Moreover, Carmine Auletta anticipates that the switch to open standards will mean that power line data compression can be decoupled from use of FEC. It will no longer be necessary to keep FEC switched on at all times. Central monitoring will enable line controllers to switch FEC on and off as needed, so that it can be dispensed with at those times when electronic noise levels are low, thus further improving data speeds. An additional operational benefit will be the ability to transition the separately controlled electrical network protection system, for back-up switching between stations, from analogue to digital. At present, this operates over an analogue network, and the only way to determine whether the network protection system is working is to send an engineer to test the lines manually on site. Here too, Terna expects to gain centralized monitoring and control, in the same way as it will have for PLC data.

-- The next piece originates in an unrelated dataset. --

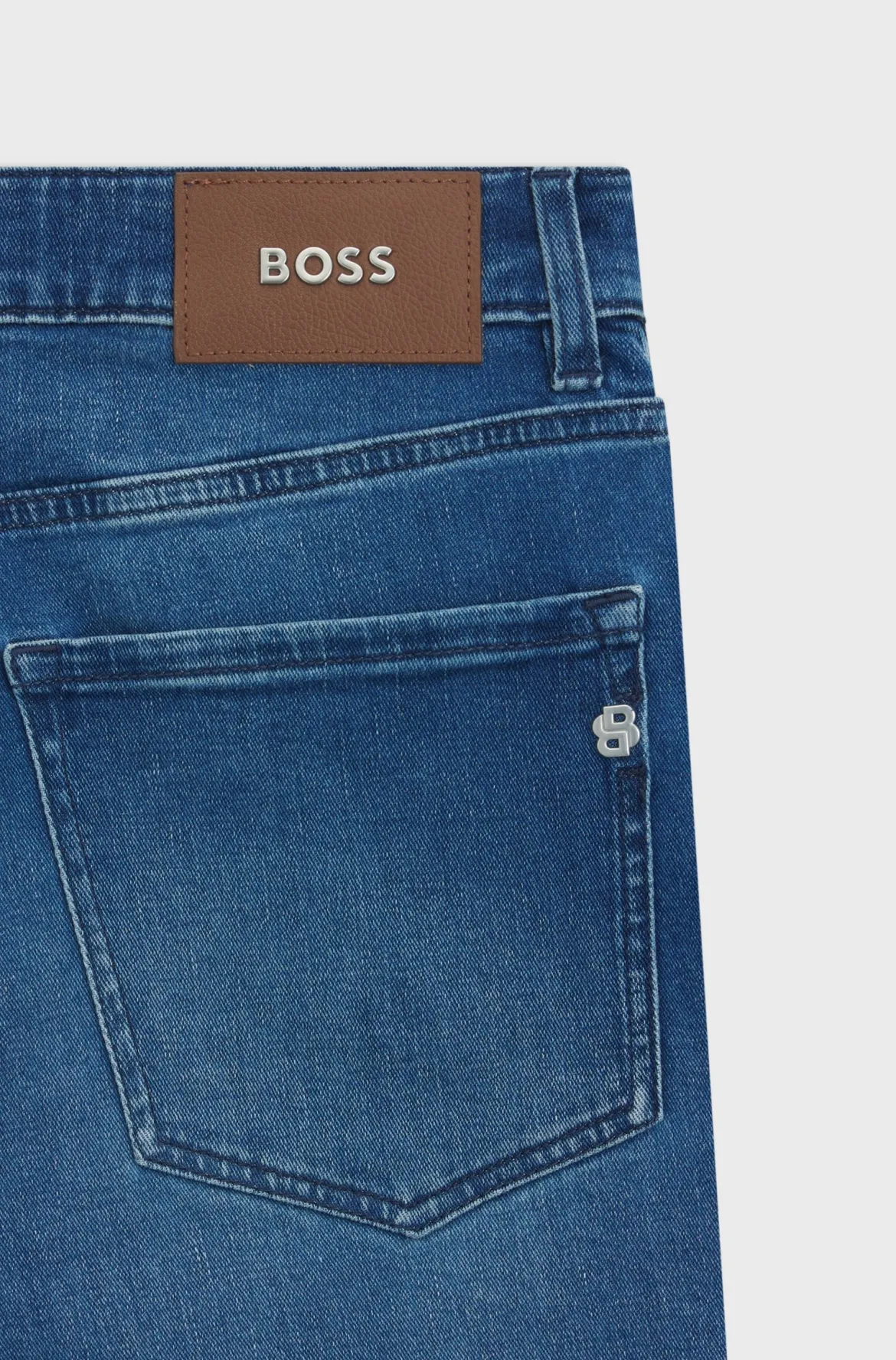 Hugo Boss miesten farkut H-RE Maine Medium Blue, sininen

The new solution also promises a dramatic reduction in Terna’s costs. The cost per station to deploy the new FEC device has been cut by 90% compared to the former solution. The company will realize substantial savings on the costs of field monitoring and maintenance. Evidence of greater efficiency and significant cost savings should please its shareholders and help the company meet the demands of the disclosure obligations that have come in the wake of private ownership. By increasing the reliability and the manageability of its telecommunication infrastructure Terna will also improve its capability to control the Italian power grid both during regular operations and more important in case of extraordinary events (e.g during black-outs) when public telecommunication infrastructures have showed their weaknesses.